NEW YORK (Reuters) - Exchange trading is being pitched by many as the solution to bringing transparency, governance, and a limit to potential abuse in the $47 trillion credit derivatives market.
The option is no panacea, however. It may offer a few benefits that alternative options in the over-the-counter markets can’t provide, though the standardization of contracts that the exchanges would require would also make it harder for investors to hedge out specific risks.
Tom Harkin, Chairman of the Senate Agriculture Committee, last Thursday unveiled a bill to require swaps and derivatives, including credit default swaps, to be traded only on federally regulated exchanges.
The bill also calls for over-the-counter dealing in the instruments to be banned.
“An exchange is not a sufficient condition, or a necessary condition, to prevent companies blowing up or companies posing systemic risk,” said Craig Pirrong, professor of finance at The University of Houston, in Texas. “It seems to be more of a nostrum than a cure.”
“A lot of companies have lost a lot of money trading on exchanges and its really hard to see how moving this stuff on exchanges is really going to make any difference at all,” Pirrong added.
Exchanges including the Chicago Mercantile Exchange, or CME Group Inc (CME.O), and the IntercontinentalExchange (ICE.N) are scrambling to form clearinghouses for credit derivative trades, the creation of which are viewed as vital to removing the counterparty risk that has plagued the market.
In addition to central clearing, exchanges are working to offer trading of the instruments, a move that would bring additional clarity to prices and trading volumes.
Efforts to launch trading of credit futures on exchanges have failed before, however, in part because users prefer the transfer of cash flows in a swap format.
In a credit default swap a buyer of protection pays the seller an agreed sum each quarter, and is paid the amount of debt insured by the seller in the event of a default.
Critics of mandatory exchange trading argue that the issue is being confused with that of counterparty risk and the market’s lack of regulation, which can be addressed in other ways.
“The credit derivative that the user base is clearly calling out for is still the credit default swap, albeit in a transparent, regulated and more stable environment afforded by a clearinghouse,” said Jamie Cawley, Chief Executive at interdealer broker IXP Capital.

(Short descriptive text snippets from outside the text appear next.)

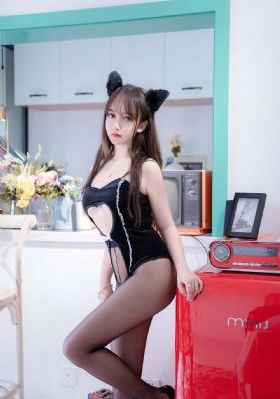 肉嫁高柳1～4动漫影视_4K韩国电影在线观看
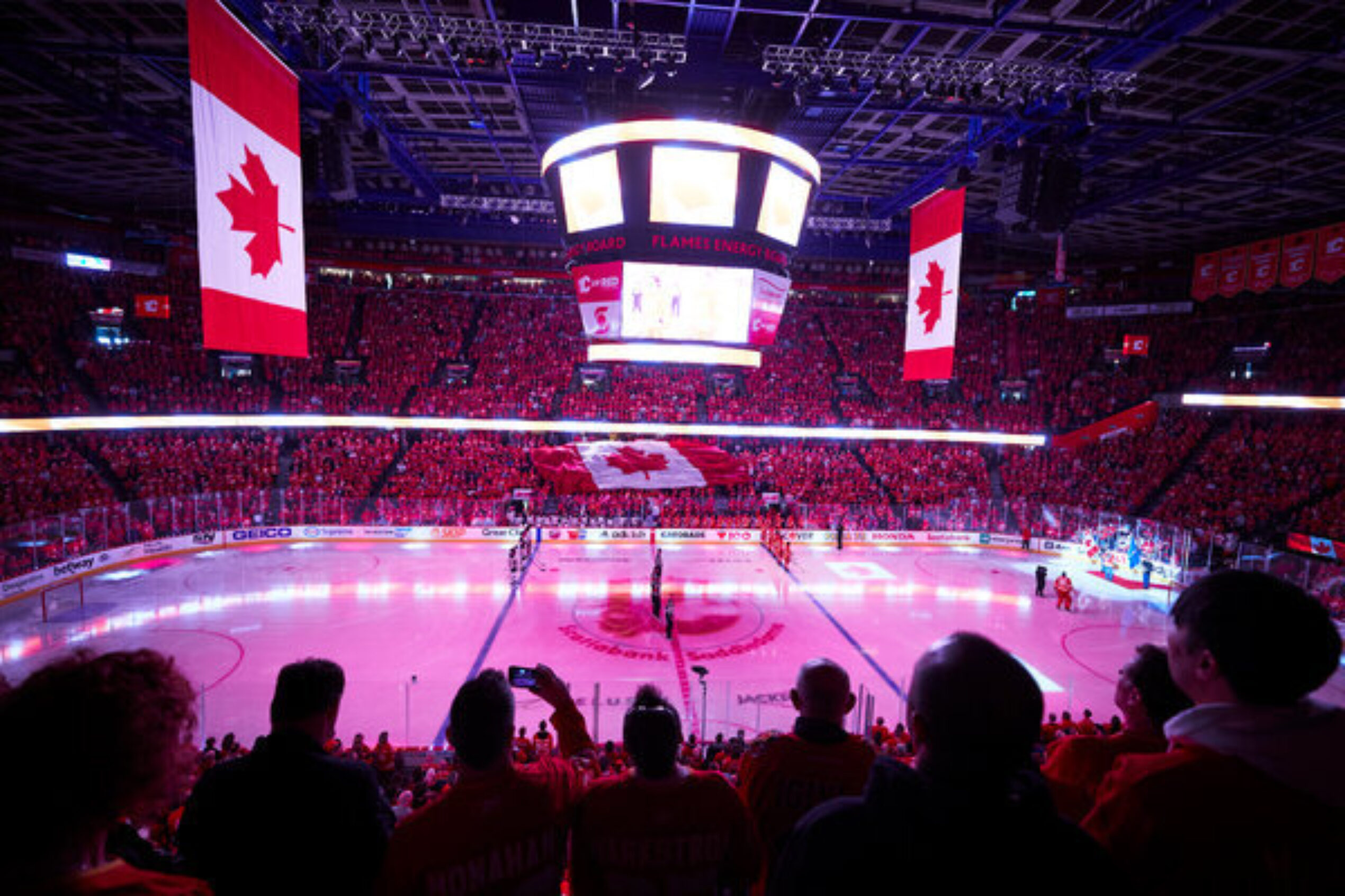 24nhl alberta 9 article Large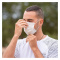 Maske individuell verpackt - Topgiving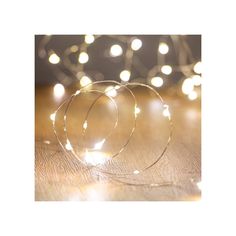 PRICES MAY VARY. Title: String Lights,Waterproof LED String Lights Fairy String Lights Starry ,Battery Operated String Lights for Indoor&Outdoor Decoration Wedding Home Parties Christmas Holiday. (warm white, 32.8Ft). Product Type: Categories > Seasonal Décor > Seasonal Lighting > Indoor String Lights Wireless Fairy Lights, Battery Operated Outdoor Christmas Lights, Battery Operated Outdoor String Lights, Bokhen Lights, Boho Dorm Room, Starry String Lights, Battery Operated String Lights, Boho Dorm, Diy String Lights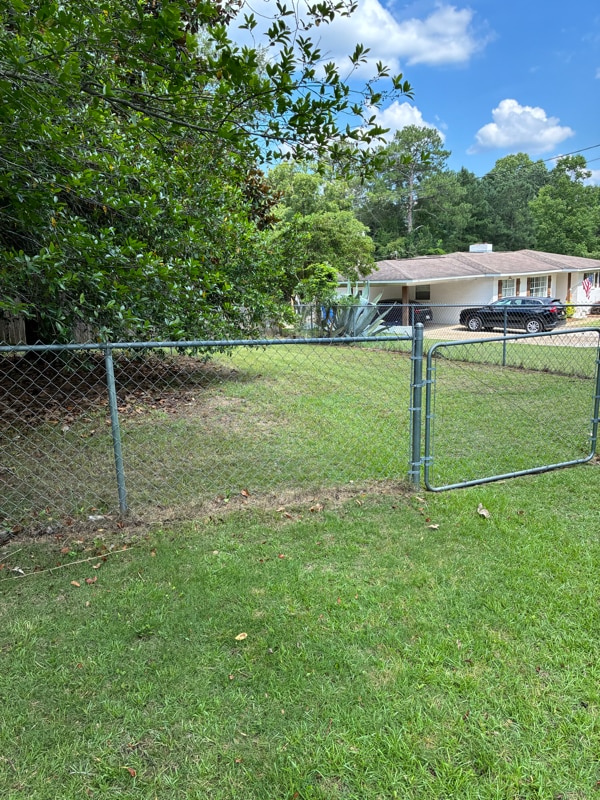 Building Photo - 2131 E Cottonwood Rd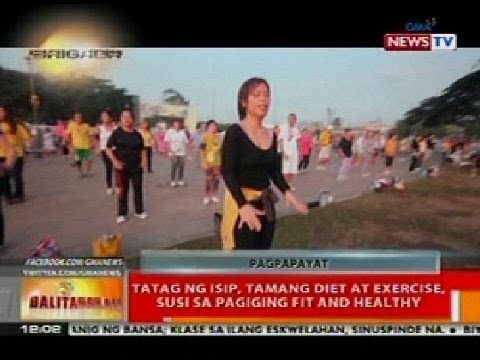 Mawalan ng timbang pagkatapos mirtazapine Soda ay puksain ang taba sa tiyan
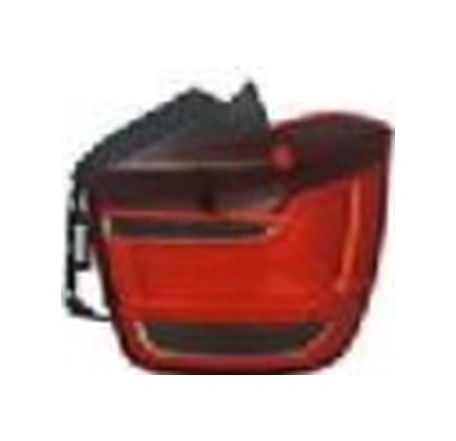 2011c245-20062b B.1 F20 Arka Stop Ledli Rh.2011 63217241542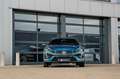 Peugeot 408 GT | 225pk Plugin Hybr. | Alcantara | Camera | ... Blauw - thumbnail 3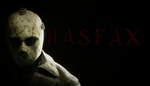 Hasfax | Steam РУ+UA+KZ+СНГ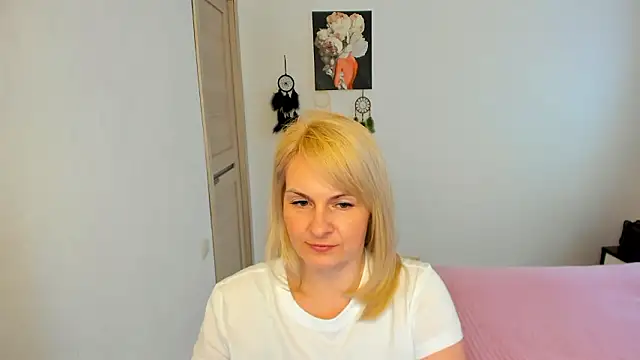 Alicee_Gracee Live XXX-Chat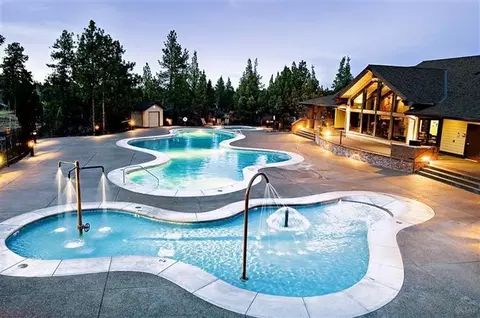 61036 Stari Most Loop, Bend, OR 97702 photo 21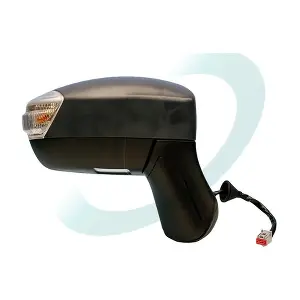 SPJ E-2437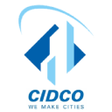 Programikonen: CIDCO HOUSING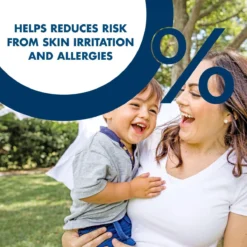 Neutral Crème Parfumvrij - 100 Ml - Baby -Babyproducten Winkel 1200x1200 569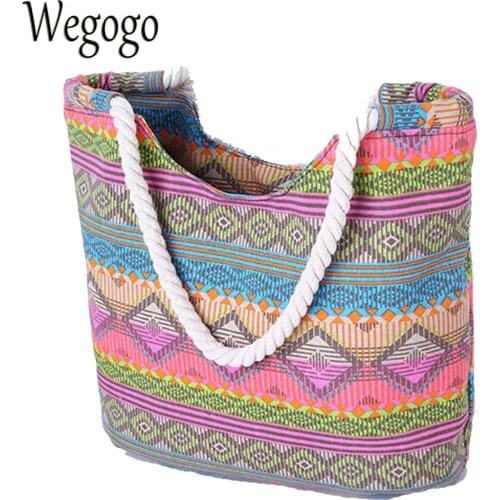 Женские цветные сумки Wegogo China At AliExpress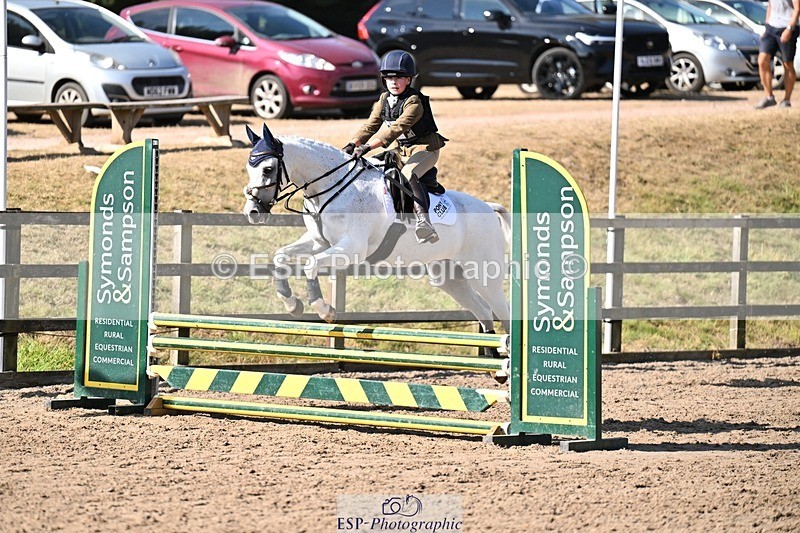 250823A-100414-25260 - NAF Round 1 9.30 to 10.30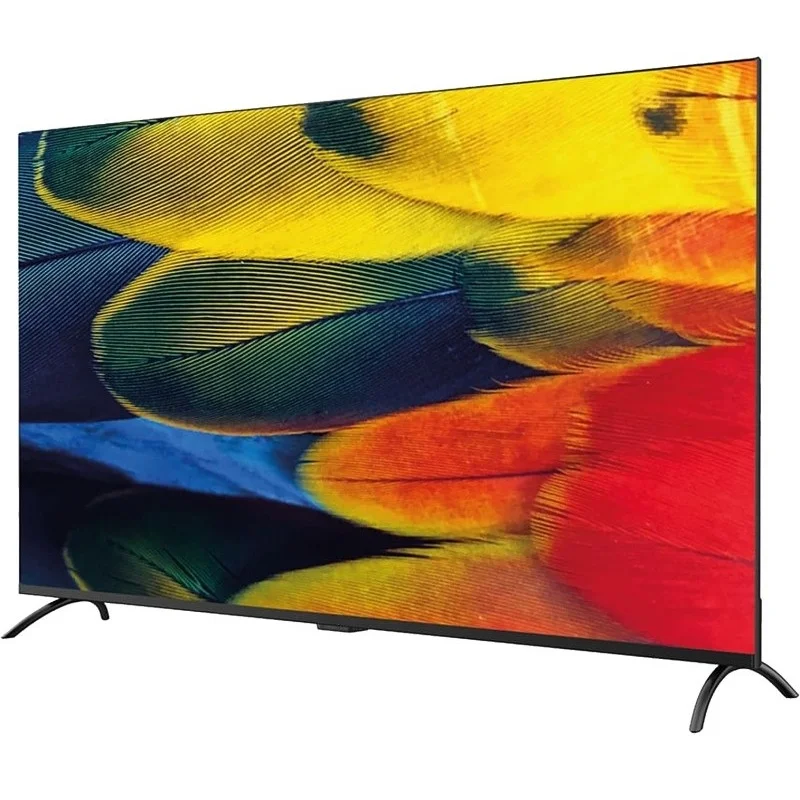 TV GI 550V6-F2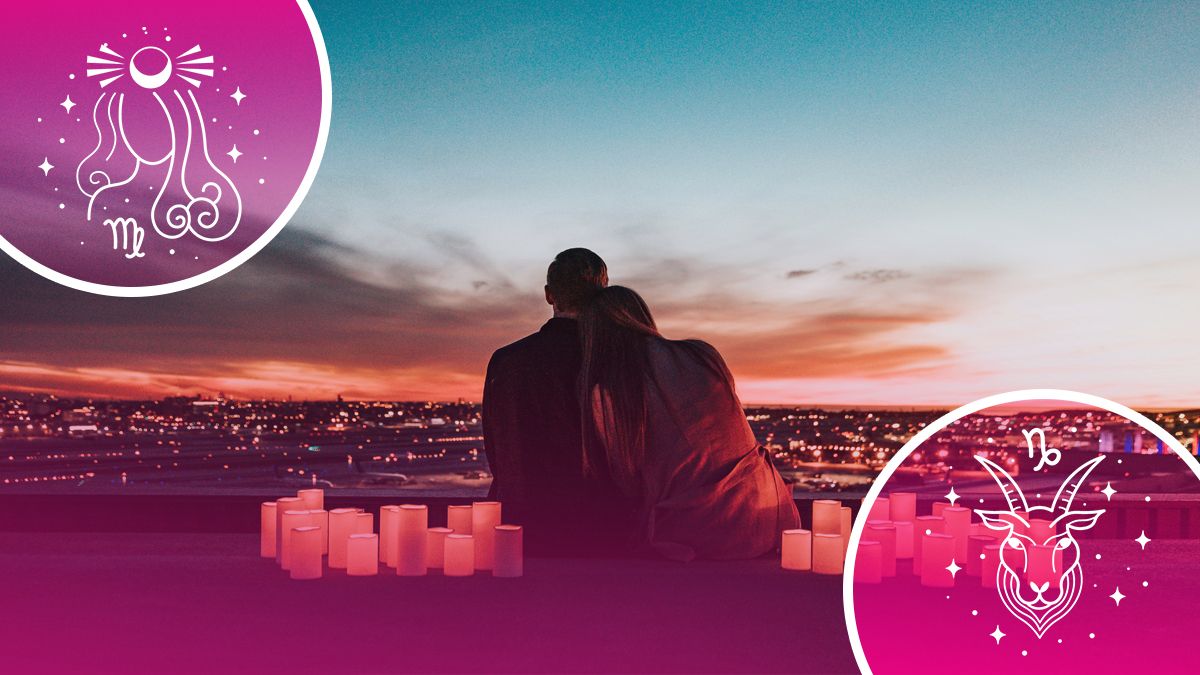 Кто поедет в романтическое путешествие Кто поедет в романтическое путешествие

“A more likely solution as this market evolves is multiple clearing houses with multiple trading portals competing with each other for critical mass and liquidity, offering a fair and level playing field combined with lower transaction costs and greater transparency and better regulation,” he added.
Mandatory trading of credit default swaps on exchanges may also leave some users with more risks, as standardization of the products will give investors less flexibility to match a hedge to their needs.
Credit derivative broker ICAP warned earlier this month that forcing the contracts onto exchanges could backfire as it could leave investors or other participants with large basis risk.
So-called basis risk occurs when investors use a security that are not a direct match on an asset to hedge the position, which in some circumstances can lead to greater losses due to the difference in the behavior or value of the two securities.
Meanwhile exchange traded securities will not end trading mishaps that have included the collapse of British bank Barings and U.S. hedge fund Amaranth Advisors.
“Even if you had clearing houses, and reduce the counterparty risk of over-the-counter credit derivatives, you could still have financial institutions making very serious mistakes or you could have rogue trading going on,” said Henry Hu, professor of law in banking and finance at the University of Texas.
Calls for a move to exchanges may be the default response in times of crisis, regardless of whether it is the most beneficial solution.
“In some respects it seems to be hashing around for some kind of fix and so lets go to the well and go with something tried and true,” added University of Houston’s Pirrong. “Typically the market is pretty good at deciding what should trade where, and if there are advantages to trading things on exchanges it has a tendency to migrate there and if it doesn’t it doesn’t,” he said.